Why They Live will never die

The election of Donald Trump to the presidency has lead to a cottage industry of think pieces evaluating science fiction and horror films anew for “the Trump era.” It’s the gift that keeps on giving, as the ideological lines and power structures people have been noting and satirizing for decades proceeded apace to create the monster that is a Trump presidency, so there is a seemingly bottomless pit of these pop culture artifacts to reevaluate. There’s something comforting about thinking the clues to our current clusterfuck all laid dormant in our pop culture for so long. If only we’d heeded the warnings of 1984, all of this could’ve been avoided!

Still, John Carpenter’s They Live is a uniquely resonant political statement today, as blunt and powerful as an atomic drop from star Rowdy Roddy Piper. A new video essay combines clips from the movies, archival interviews with Carpenter, analysis from philosopher Slavoj Žižek, and clips of news broadcasts from the intervening years to show how the economic forces that inspired the movie have only gathered strength, reinforcing the film’s power.

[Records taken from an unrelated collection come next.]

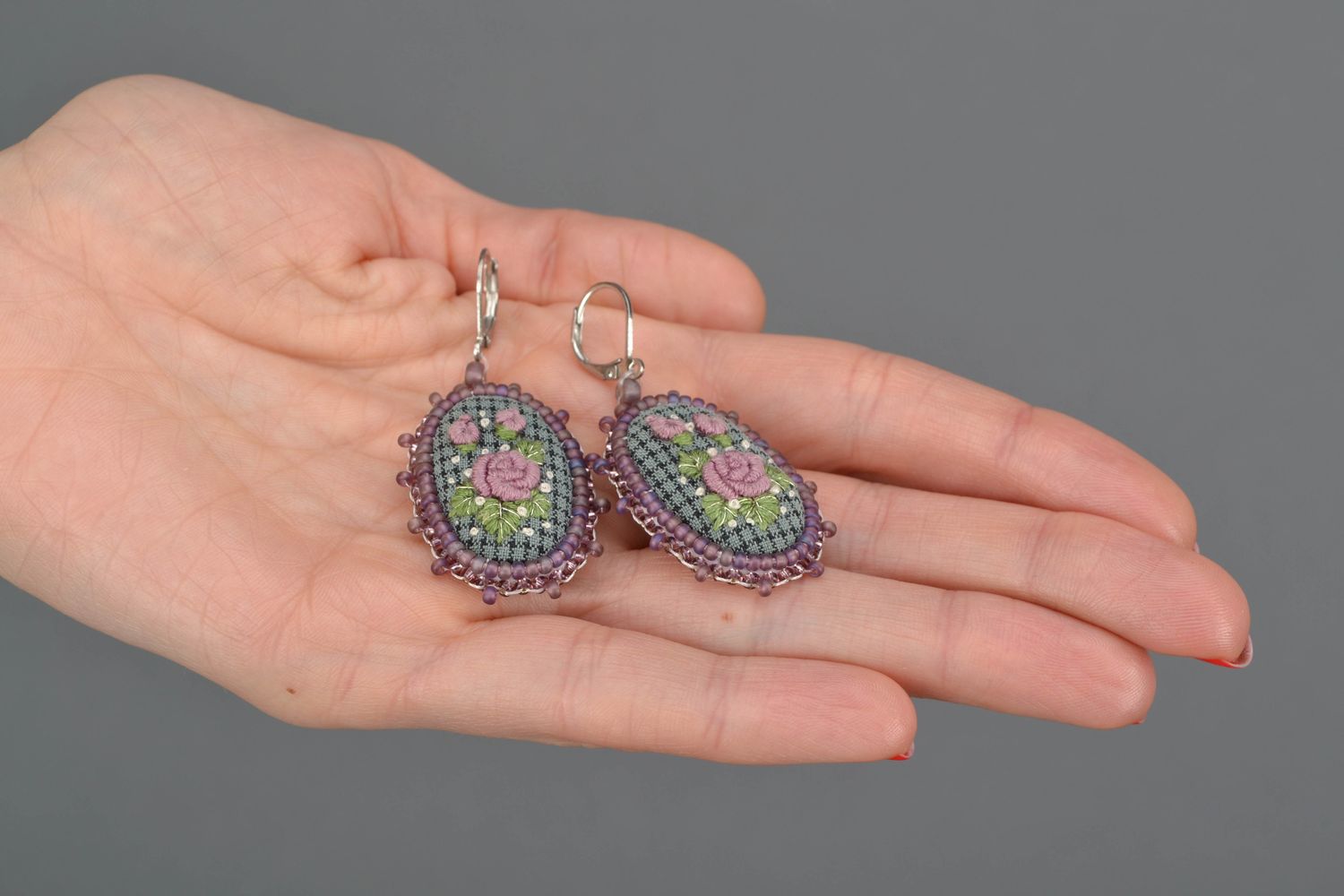 Long embroidered earrings photo 2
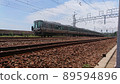 多軌運行的223系列快速列車 89594896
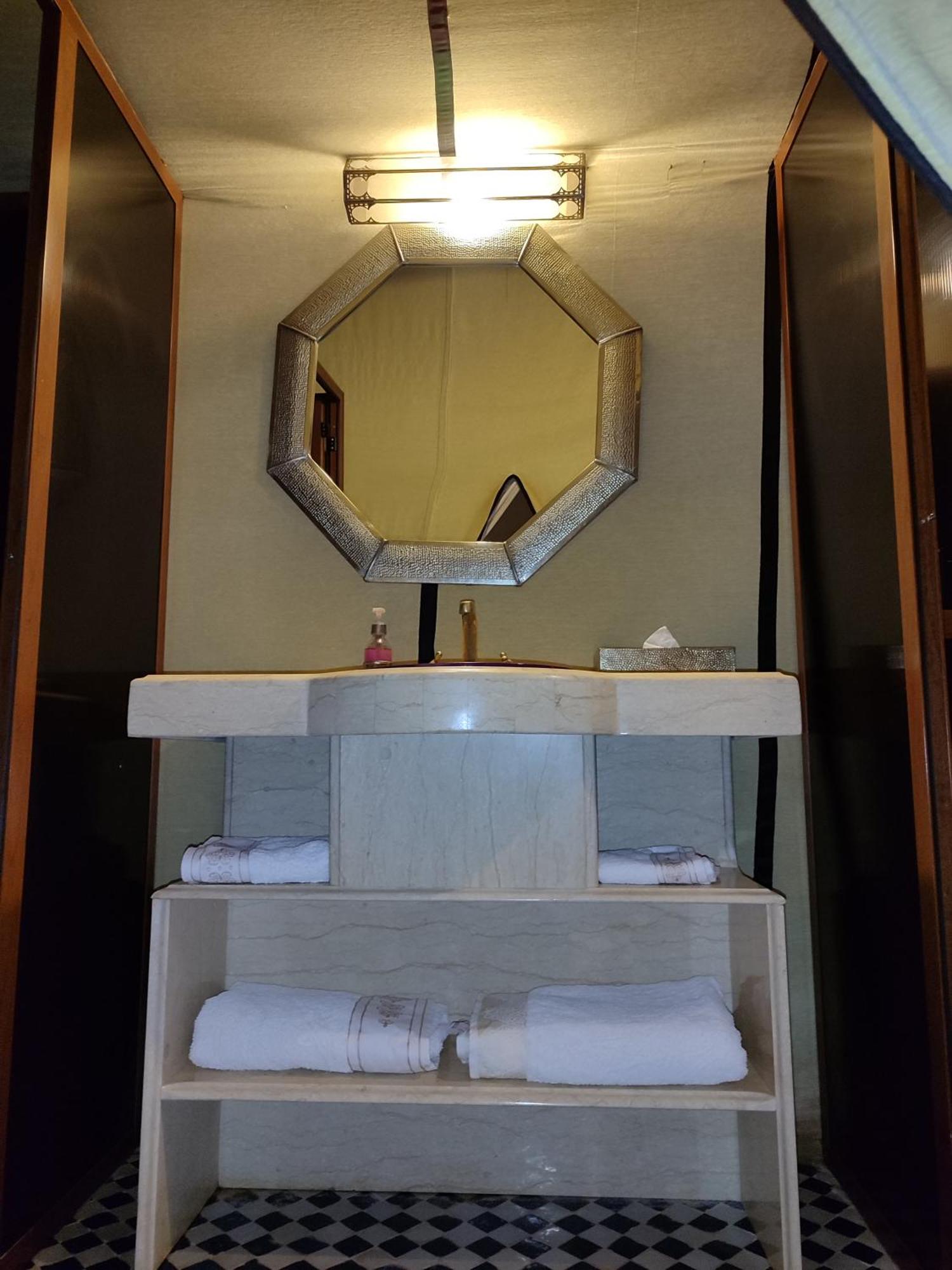 Sahara Dunes Luxury Camp Мерзуга Экстерьер фото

It’s hard not to look at the gathering of champagne-clinking global elites in the movie as today’s TED Talk-attending “thinkfluencers” and Bilderberg Group decision makers. The cartoonishness of Carpenter’s vision lends it an evergreen relevance, as applicable to flat-earth truthers as it is to, well, anyone who doesn’t eagerly kowtow to the American economic system. The essay even sets up a framework to justify that massive, brutal fight scene in the middle of the film, aside from the fact that watching Rowdy Roddy Piper and Keith David kick the shit out of each other for 10 minutes is inherently awesome.